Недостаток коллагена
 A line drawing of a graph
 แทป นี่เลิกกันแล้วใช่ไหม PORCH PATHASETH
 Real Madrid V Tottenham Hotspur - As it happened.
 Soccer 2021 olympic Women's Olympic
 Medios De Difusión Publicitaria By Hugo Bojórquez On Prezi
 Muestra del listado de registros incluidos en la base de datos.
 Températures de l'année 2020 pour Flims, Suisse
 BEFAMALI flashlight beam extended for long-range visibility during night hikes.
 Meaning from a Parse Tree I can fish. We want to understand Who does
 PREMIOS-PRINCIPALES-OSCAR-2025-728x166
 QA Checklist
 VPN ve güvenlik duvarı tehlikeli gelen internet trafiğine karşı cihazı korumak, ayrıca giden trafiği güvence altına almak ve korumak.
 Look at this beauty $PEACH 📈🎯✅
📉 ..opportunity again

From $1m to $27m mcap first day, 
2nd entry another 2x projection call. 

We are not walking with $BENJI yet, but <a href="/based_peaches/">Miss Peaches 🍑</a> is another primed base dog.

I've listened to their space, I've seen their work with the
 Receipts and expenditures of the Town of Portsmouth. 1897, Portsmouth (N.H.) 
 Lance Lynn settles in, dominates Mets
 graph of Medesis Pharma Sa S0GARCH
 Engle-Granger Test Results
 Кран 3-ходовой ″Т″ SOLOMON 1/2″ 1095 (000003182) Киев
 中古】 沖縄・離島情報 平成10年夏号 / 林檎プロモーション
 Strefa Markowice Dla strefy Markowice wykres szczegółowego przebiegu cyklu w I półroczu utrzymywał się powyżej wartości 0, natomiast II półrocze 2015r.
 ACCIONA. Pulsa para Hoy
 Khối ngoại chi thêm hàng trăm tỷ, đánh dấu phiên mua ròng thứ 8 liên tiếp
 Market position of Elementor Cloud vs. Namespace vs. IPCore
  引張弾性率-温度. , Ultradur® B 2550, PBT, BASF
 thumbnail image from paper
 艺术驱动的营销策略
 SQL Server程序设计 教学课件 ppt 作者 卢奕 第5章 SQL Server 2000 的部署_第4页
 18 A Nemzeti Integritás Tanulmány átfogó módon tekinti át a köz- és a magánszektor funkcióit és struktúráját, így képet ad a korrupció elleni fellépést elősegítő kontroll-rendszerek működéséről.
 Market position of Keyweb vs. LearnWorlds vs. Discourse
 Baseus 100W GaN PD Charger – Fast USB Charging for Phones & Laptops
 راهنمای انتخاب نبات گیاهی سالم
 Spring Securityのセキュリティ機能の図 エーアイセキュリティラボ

### TASK DETAILS
Using the entries above, return exactly the lines from the line with "Soccer 2021 olympic Women's Olympic" to the line with "BEFAMALI flashlight beam", counting both of those lines.

### SOLUTION TO THIS TASK
 Soccer 2021 olympic Women's Olympic
 Medios De Difusión Publicitaria By Hugo Bojórquez On Prezi
 Muestra del listado de registros incluidos en la base de datos.
 Températures de l'année 2020 pour Flims, Suisse
 BEFAMALI flashlight beam extended for long-range visibility during night hikes.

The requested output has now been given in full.